>
> (email exchange)
>
> On Jan 6, 2013 6:41 AM, Andrea wrote:
>
> Some interesting points made by Ulrich Bindseil and Adalbert Winkler (ECB) in
> their October 2012 paper
>
> How about these authors rethinking fiscal policy in the light of this?
> ;-)
>
The results of our analysis are as follows:
• A central bank that operates under a paper standard with a flexible exchange rate and without a monetary financing prohibition and other limits of borrowings placed on the banking sector is most flexible in containing a dual liquidity crisis.
• Raising interest rates to attract funding / capital inflows, while being the standard economic mechanism in normal times, may fail to equilibrate demand and supply in a confidence crisis as higher interest rates make it less likely that borrowers will be able to serve the debt. As a result, within any international monetary system characterized by some sort of a fixed exchange rate, the availability of inter-central bank credit determines the elasticity of a crisis country’s central bank in providing liquidity to banks and financial markets, notably government bond markets. Thus, the sustainability of fixed exchange rate systems depends on the elasticity of inter-central bank credit, i.e. the ability and willingness of the central banks of “safe haven countries” to provide loans to central banks of countries in financial distress (gold standard and peg to another country’s currency) and on the elasticity of liquidity provision by the common central bank (monetary union).

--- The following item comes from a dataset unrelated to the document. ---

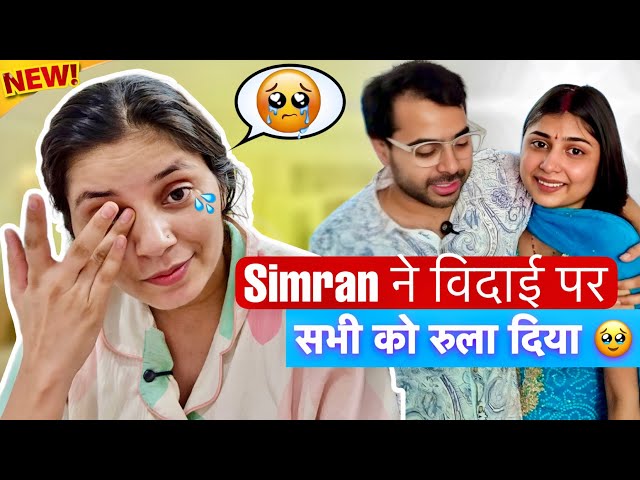 Simran ने विदाई पर सभी को रुला दिया 🥹😭 Keshav Shashi Vlogs #vlog #family #youtube #love #trending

• In a monetary union, like the euro area, international arrangements are replaced by a common central bank that provides lender-of-last-resort lending to banks. In the institutional set-up of the euro area where national central banks are in charge of the actual conduct of central bank operations with a country’s banking system, this provision of liquidity is reflected in the “TARGET2 balances”. At the same time, the comparison of a central bank of a euro area type monetary union with a country central bank operating under flexible exchange rates and a paper standard, like the US Federal Reserve, shows that central banks under the former framework have a similar capacity in managing dual liquidity crises as long as the integrity of the monetary union is beyond any doubt.
• Collateral constraints matter systematically under all monetary frameworks. As a result, a central bank confronted with a dual liquidity crisis has to be in a position to adjust collateral constraints in order to enhance the elasticity of its liquidity provision and to limit bank defaults and a deepening of the crisis. If done prudently, this may actually reduce central bank risk taking.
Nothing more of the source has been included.